MATERIALS PROVIDED
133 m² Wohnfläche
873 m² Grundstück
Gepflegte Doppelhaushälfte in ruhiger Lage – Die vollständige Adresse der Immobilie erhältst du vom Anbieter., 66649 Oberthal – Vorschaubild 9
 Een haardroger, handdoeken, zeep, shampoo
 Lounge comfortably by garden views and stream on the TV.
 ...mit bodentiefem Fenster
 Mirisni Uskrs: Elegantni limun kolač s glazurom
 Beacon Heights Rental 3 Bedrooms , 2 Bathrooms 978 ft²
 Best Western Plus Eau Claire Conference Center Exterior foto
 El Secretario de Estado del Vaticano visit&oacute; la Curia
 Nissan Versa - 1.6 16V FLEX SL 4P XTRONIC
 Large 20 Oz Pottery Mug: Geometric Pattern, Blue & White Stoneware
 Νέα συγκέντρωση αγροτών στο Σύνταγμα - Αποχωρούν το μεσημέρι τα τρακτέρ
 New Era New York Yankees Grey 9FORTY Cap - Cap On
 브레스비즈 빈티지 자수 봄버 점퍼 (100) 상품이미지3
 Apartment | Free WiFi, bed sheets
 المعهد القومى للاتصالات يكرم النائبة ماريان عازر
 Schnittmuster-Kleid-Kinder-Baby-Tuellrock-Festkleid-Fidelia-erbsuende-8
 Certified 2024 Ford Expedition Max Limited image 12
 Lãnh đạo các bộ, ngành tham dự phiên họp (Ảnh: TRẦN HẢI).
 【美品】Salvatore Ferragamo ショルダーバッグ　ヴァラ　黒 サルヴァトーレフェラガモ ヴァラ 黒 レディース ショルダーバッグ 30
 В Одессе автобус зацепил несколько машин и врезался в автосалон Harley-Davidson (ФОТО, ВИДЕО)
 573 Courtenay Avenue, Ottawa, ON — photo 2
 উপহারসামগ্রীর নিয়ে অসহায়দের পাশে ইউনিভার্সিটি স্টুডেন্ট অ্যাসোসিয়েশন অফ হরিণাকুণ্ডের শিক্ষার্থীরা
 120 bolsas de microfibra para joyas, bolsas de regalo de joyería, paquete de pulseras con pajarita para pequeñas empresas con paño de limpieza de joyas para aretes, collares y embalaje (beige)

ASSIGNED TASK
As the answer, set down only the lines from the data above between the one holding "Mirisni Uskrs: Elegantni" and the one holding "Νέα συγκέντρωση αγροτών", inclusive, exactly as they read.

EXERCISE ANSWER
 Mirisni Uskrs: Elegantni limun kolač s glazurom
 Beacon Heights Rental 3 Bedrooms , 2 Bathrooms 978 ft²
 Best Western Plus Eau Claire Conference Center Exterior foto
 El Secretario de Estado del Vaticano visit&oacute; la Curia
 Nissan Versa - 1.6 16V FLEX SL 4P XTRONIC
 Large 20 Oz Pottery Mug: Geometric Pattern, Blue & White Stoneware
 Νέα συγκέντρωση αγροτών στο Σύνταγμα - Αποχωρούν το μεσημέρι τα τρακτέρ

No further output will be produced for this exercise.